The Critique

Release Your Plans
Daniel Sprick (American)
April - July 2001

Students will observe and discuss Daniel Sprick’s still-life painting Release Your Plans and comprise a list of questions they would like to ask the artist. They will then attend a mock press event as art critics, asking questions and jotting down notes for an art review they will write as homework.

Intended Age Group
Secondary (grades 6-12)
Standards Area
Language Arts
Lesson Length
Two 45 minute lessons and one homework assignment
Objectives

Students will be able to:

  • identify and describe details in a painting;
  • conduct and take notes at a mock press event;
  • write an art review based on their notes; and
  • answer questions from Sprick’s point of view based on what they learn.

Lesson

Day 1

  1. Warm-up: Students are often asked to write stories and narratives. For this activity, introduce the concept of writing in a new way by inviting the students to write out the instructions for how to zip a zipper.
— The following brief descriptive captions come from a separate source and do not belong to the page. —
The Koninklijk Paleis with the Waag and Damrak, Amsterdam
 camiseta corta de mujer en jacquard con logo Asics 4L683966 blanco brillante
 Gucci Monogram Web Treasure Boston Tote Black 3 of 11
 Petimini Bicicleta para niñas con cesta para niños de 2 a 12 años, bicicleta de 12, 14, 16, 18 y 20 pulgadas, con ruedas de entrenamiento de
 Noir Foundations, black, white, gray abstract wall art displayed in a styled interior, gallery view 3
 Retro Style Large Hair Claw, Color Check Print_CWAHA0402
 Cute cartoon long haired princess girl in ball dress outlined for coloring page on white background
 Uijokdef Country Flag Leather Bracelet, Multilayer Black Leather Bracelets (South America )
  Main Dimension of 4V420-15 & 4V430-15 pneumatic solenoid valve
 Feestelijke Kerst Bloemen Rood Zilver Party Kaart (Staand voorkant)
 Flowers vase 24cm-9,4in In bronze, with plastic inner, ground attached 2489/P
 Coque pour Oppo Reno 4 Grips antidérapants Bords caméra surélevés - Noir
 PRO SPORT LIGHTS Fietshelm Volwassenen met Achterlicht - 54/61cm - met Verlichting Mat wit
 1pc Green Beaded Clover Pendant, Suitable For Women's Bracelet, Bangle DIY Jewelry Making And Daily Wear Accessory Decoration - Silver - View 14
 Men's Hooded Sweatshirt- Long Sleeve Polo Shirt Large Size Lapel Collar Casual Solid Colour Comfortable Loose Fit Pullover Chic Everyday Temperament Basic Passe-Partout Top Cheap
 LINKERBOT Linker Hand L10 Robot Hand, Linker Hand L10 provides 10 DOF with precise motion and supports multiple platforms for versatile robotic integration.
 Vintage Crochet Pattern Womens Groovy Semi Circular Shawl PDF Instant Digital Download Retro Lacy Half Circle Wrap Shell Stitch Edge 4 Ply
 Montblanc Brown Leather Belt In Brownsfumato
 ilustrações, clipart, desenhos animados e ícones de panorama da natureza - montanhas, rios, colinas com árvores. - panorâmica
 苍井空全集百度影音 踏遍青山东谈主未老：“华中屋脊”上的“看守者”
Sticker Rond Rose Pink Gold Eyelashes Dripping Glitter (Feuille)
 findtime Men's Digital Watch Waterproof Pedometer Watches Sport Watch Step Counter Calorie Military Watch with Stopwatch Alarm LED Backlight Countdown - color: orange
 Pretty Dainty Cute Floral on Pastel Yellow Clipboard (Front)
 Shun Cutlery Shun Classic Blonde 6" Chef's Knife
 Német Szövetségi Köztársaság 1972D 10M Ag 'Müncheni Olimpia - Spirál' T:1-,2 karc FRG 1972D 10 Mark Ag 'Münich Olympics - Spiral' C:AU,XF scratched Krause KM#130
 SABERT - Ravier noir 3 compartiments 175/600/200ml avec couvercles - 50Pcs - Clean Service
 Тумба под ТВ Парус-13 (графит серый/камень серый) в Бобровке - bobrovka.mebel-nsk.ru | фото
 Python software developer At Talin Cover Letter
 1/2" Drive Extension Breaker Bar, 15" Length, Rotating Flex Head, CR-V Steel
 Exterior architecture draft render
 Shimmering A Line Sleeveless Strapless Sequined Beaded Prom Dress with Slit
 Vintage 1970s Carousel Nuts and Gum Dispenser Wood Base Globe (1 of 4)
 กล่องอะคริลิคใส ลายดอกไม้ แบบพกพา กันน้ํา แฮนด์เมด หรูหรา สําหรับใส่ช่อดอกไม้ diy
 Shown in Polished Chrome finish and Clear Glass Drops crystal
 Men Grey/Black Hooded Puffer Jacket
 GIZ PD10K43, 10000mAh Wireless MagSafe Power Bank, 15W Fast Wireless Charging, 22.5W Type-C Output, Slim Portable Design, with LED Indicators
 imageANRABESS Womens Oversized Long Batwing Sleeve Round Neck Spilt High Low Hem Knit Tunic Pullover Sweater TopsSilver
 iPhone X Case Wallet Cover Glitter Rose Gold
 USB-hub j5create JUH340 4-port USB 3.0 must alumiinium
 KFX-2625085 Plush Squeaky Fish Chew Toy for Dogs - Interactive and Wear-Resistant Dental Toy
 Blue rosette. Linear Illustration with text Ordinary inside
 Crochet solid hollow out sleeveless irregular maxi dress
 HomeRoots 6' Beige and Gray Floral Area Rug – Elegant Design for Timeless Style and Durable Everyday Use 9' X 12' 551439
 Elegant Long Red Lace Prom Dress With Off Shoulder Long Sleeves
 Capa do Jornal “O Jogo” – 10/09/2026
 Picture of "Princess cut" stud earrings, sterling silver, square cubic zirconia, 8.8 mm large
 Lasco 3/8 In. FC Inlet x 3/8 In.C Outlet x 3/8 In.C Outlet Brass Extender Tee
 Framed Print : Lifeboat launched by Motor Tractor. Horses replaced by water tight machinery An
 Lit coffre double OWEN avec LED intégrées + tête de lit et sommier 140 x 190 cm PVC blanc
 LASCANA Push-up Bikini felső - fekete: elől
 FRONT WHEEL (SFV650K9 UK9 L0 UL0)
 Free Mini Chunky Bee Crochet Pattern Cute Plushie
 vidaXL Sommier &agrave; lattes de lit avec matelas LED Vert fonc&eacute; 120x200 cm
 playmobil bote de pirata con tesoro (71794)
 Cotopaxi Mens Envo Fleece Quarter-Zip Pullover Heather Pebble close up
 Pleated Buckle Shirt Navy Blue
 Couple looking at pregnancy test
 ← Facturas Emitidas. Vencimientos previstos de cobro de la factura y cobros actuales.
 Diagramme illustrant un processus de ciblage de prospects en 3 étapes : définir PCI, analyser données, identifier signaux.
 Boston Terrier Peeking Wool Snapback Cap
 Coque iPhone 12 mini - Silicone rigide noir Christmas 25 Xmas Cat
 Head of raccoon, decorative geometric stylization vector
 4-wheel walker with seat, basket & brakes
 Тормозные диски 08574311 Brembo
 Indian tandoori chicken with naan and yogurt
Have them imagine they are writing for somebody who has never worn a jacket with a zipper before. They must be clear and concise.
  2. Before class, prepare slips of paper with questions from Sprick’s FAQ sheet.
  3. Show students Sprick’s painting Release Your Plans. Give students at least ten minutes to observe the painting and jot down notes on what they see, what the painting might be about, who the artist is, where the objects came from, what the painting reminds them of, etc.
  4. Explore what the artist chose to include in the painting by calling on students to identify which object stands out the most to them. What other objects did the students notice after observing the painting for awhile? Why might some of the objects be floating? Weave in information from the About the Art section when possible.
  5. Ask the students, “If you could change one thing about Sprick’s arrangement, what would it be?” Share the following paragraph from About the Art :
    • “Sprick built this table specifically for use in still-life paintings. He wrapped it several times, adding more sheets underneath for bulk, and still isn’t sure he got it just right. He likes the psychological tension the string adds to the painting, but he still wonders sometimes, why wrap something up?”
  6. Explain to students that sometimes, even professional artists don’t know why they do something a certain way. It’s okay to look back at your art and want to change or add things.
  7. In small groups, instruct students to compile a list of questions they would like to ask the artist. Write their questions on the board (these will be used in the next lesson).
  8. Explain to the students that Sprick can’t come to the classroom to answer their questions, but the Denver Art Museum invited visitors to ask him questions and that you have his responses. From the slips of paper you prepared in advance, have them choose a question.
  9. Hold a mock press event, with you pretending to be Sprick and the students pretending to be art critics. Have them ask the questions they drew and, as you’re responding using the FAQ sheet, they should be jotting down notes.
  10. When all of the questions have been asked, explain to the students that after a press event, critics turn their notes into an art review. For homework, they need to write a review on Sprick. You may also want to bring examples of shorter reviews as examples for the students.

Day 2

  1. Begin by revisiting the students’ questions you wrote on the board during the previous lesson. Choose one question to answer as a class. Using what the students learned about Sprick from the previous lesson, have them each write a response to the question based on how they believe Sprick would answer.
  2. Invite the students to share their answers with the class and discuss their responses. How were the responses similar? How were they different? How do the responses reflect Sprick? Do the students look at Release Your Plans differently now that they know all about Sprick? What changed?
  3. Give students time to peer edit each others’ reviews and revise as needed. Encourage them to add even more details and mock quotations from Sprick.

Materials

  • Pencils/pens and paper
  • About the Art section on Release Your Plans
  • One color copy of the painting for every four students, or the ability to project the image onto a wall or screen
  • Sprick’s FAQ sheet

Standards

CO Standards
  • Visual Arts
    • Observe and Learn to Comprehend
    • Relate and Connect to Transfer
  • Language Arts
    • Oral Expression and Listening
    • Research and Reasoning
    • Writing and Composition
    • Reading for All Purposes
21st Century Skills
  • Collaboration
  • Critical Thinking & Reasoning
  • Information Literacy
  • Invention
  • Self-Direction

Release Your Plans

April - July 2001
Artist
Daniel Sprick, American, b. 1953
Born: Little Rock, AR
Work Locations: Glenwood Springs, CO
About the Artist

Daniel Sprick was born in Little Rock, Arkansas, in 1953, and has lived off and on in Colorado since the age of five. He now lives and works in Glenwood Springs, Colorado, which gives him a “comfortable and predictable lifestyle that is right for a person to develop as an artist.”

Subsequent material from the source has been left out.